__Data extract__
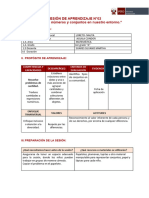 Sesión 2 N°9 - 3er Grado Matematica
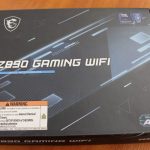 Intel protsessori emaplaat MSI  SALE OUT. |  Z890 GAMING WIFI | Processor family Intel | Processor socket LGA1851 | DDR5 | Supported hard disk drive interfaces M.2, SATA | Number of SATA connectors 4 | USED, REFURBISHED, WITHOUT ACCESSORIES, ONLY ANTENNA AND BACK PANEL INCLUDED 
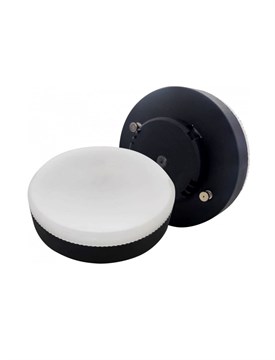 Лампа GX53 ОПТИМАЛАЙТ чёрная 10W, 4200К, 800Лм 0У-00002993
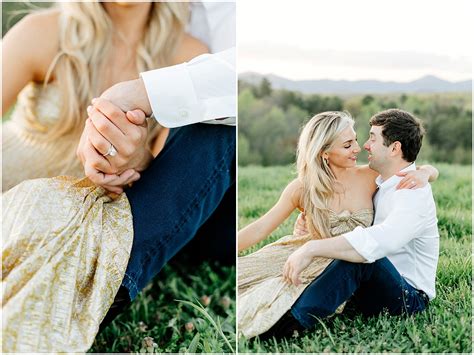 Madeline + Stephen | North Georgia Mountain Engagement - dashphotography.co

__Task objective__
Nothing but the lines from the line with "Лампа GX53 ОПТИМАЛАЙТ" through the end of the listing should appear in the answer, each duplicated exactly, without pictures.

__Exercise result__
 Лампа GX53 ОПТИМАЛАЙТ чёрная 10W, 4200К, 800Лм 0У-00002993
 Madeline + Stephen | North Georgia Mountain Engagement - dashphotography.co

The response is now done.